> [EXERCISE BRIEF]
Print everything in the records exactly. Leave the pictures out.
──────── TASK MATERIAL ────────
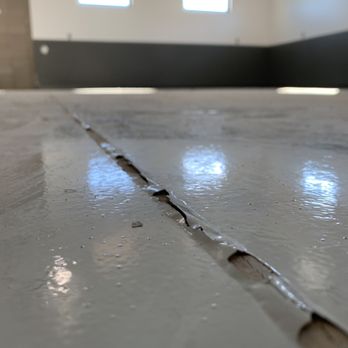 Premier Custom Coatings - a crack in the floor - Flooring Near Me
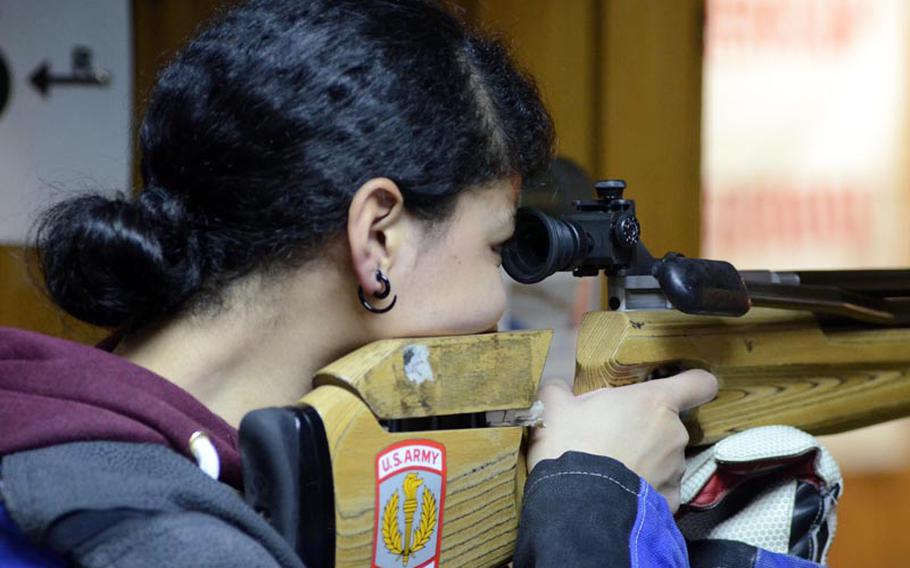 Wiesbaden freshman Alexis Beverly takes aim during a five-team marksmanship match in Heidelberg on Saturday. Beverly was the second highest scorer for Wiesbaden with her 196 points.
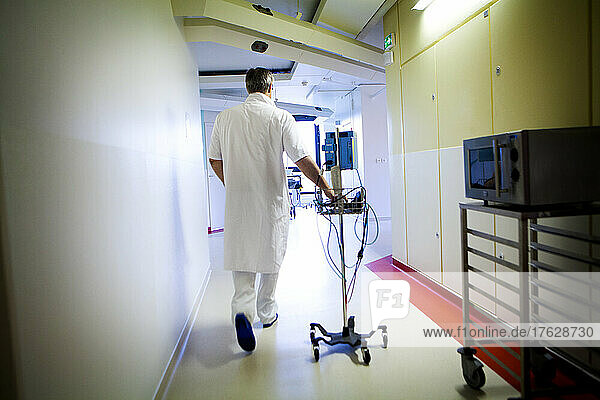Male nurse with electronic blood pressure monitor in a hospital corridor.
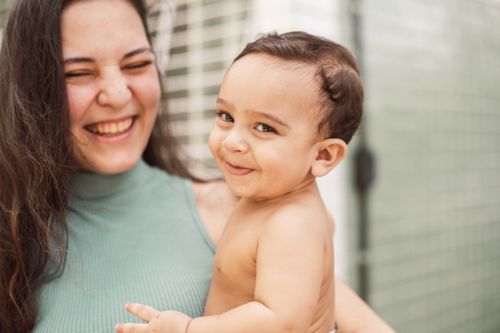Free A heartwarming image of a mother and baby sharing a joyful, affectionate moment indoors. Stock Photo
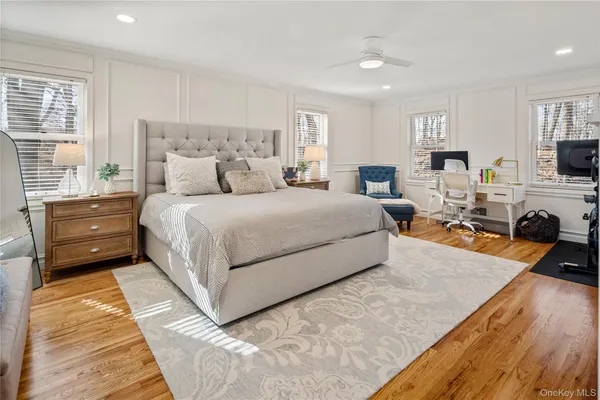 a bedroom with a bed and a flat screen television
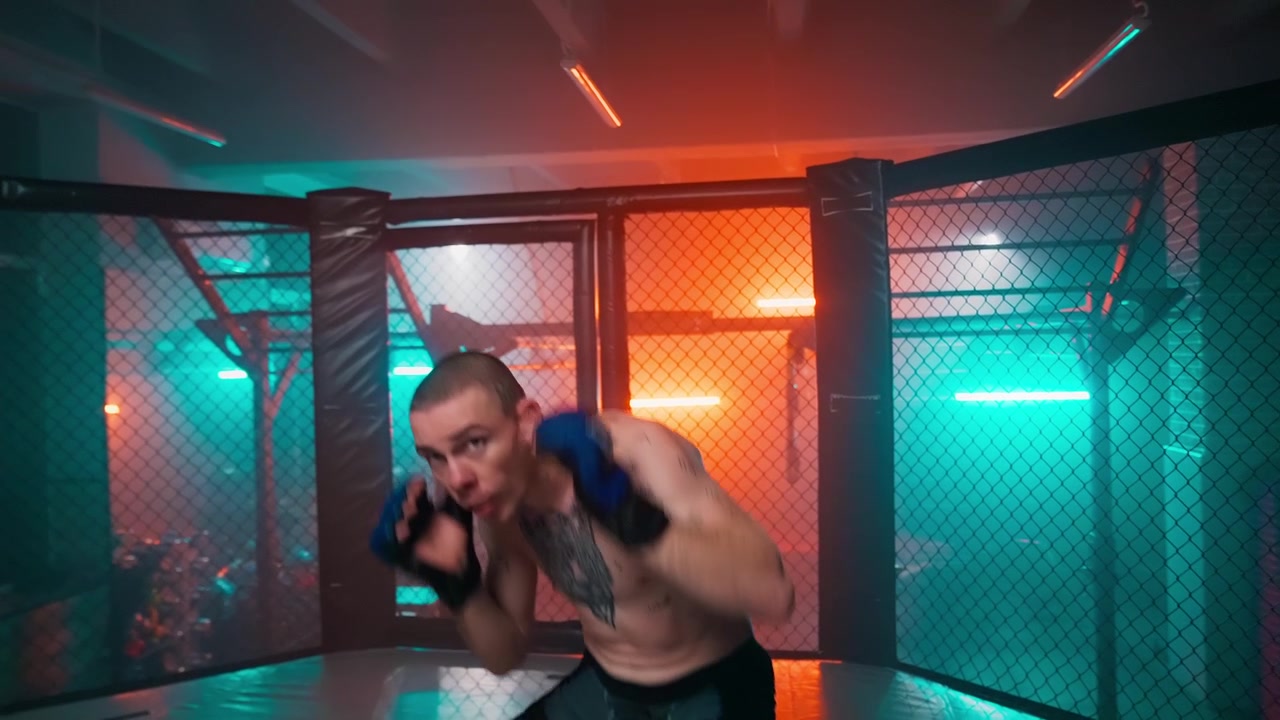Ung mand skyggebokser i et MMA-bur med neonlys.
────────
> [SOLUTION TO THIS PROBLEM]
 Premier Custom Coatings - a crack in the floor - Flooring Near Me
 Wiesbaden freshman Alexis Beverly takes aim during a five-team marksmanship match in Heidelberg on Saturday. Beverly was the second highest scorer for Wiesbaden with her 196 points.
Male nurse with electronic blood pressure monitor in a hospital corridor.
Free A heartwarming image of a mother and baby sharing a joyful, affectionate moment indoors. Stock Photo
 a bedroom with a bed and a flat screen television
Ung mand skyggebokser i et MMA-bur med neonlys.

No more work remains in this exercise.